Will AVS (billing-address verification) block me?
Rarely in practice. Every card comes with a real US billing address (viewable and editable on the card page); enter it as prompted when subscribing.
The moment people learn a subscription asks for a US billing address, their first reaction is often, "If the address doesn't match, will the system block me?" So they blame a failed charge on AVS before it even happens. Let's be clear about the term first: AVS doesn't check whether you're American or hold US identity; it checks whether the billing address you enter on the subscription page matches the address the issuer has on file for that card. So the outcome really comes down to two things: whether your card has a real, verifiable address, and whether you entered it correctly.
The counterintuitive part is this: AVS trips up so often on many virtual cards not because it checks too strictly, but because those cards have no real address at all, or thousands of cards share one address, so the comparison never lines up. We do the opposite: every card is assigned a real US billing address, and the address the issuer has on file is the same one shown on the card page, so consistency holds by design. Going line by line through failed charges across every AI merchant on the platform, declines from AVS address verification came to 0.
AVS and 3DS Are Two Different Things: Don't Conflate Them
Skipping 3DS means charging a saved card requires no verification code, while AVS is about matching the billing address; the two are independent. We exempt saved-card charges from 3DS verification (no verification code needed), and at the same time, a real address lets the card pass AVS naturally: one skips verification, the other passes verification. The directions differ, but the result is the same: the subscription path isn't blocked. Vaguely blaming a failed subscription on "address verification" usually means these two concepts have been mixed up.
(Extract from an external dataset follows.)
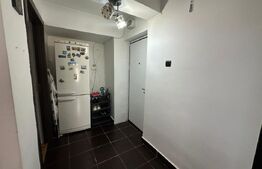 Apartament cu 3 camere, 48 mp, zona Plopilor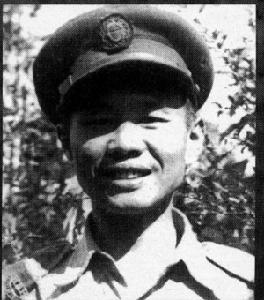 當年的戰地記者黎秀石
When It Comes to Address, Only Three Situations Actually Occur
| Situation | Does It Happen? | Explanation |
|---|---|---|
| Address doesn't match the issuer's records and is declined by AVS | 0 in practice | The card is tied to a real address, and the issuer's records share the same source as what the card page displays, so no mismatch exists |
| A failure caused by manually mistyping the address | Possible, but self-checkable | This falls under "mistyped card details," a mechanical failure; copying each field exactly avoids it |
| Address entered correctly, subscription still fails | Unrelated to the address | Usually an insufficient limit or balance, or the merchant's upfront risk controls on your account; changing the address won't help |
Enter It This Way and the Address Won't Be the Reason for Failure
- Open the card page and find the billing address block: it's on the same screen as the card number, expiry date, and CVV.
- Take the street address, city, state, and ZIP code one field at a time using the copy button rather than typing them by hand: AVS mainly checks the key fields of the billing address (especially the ZIP code), and a single wrong character can cause a mismatch.
- Set the country/region to United States.
- If the subscription form asks for a phone number, just enter the cardholder's mobile number; this field has nothing to do with AVS.
- Before submitting, check the ZIP code once more against the card page: it's the field in the billing address that's easiest to mistype and matters most for verification.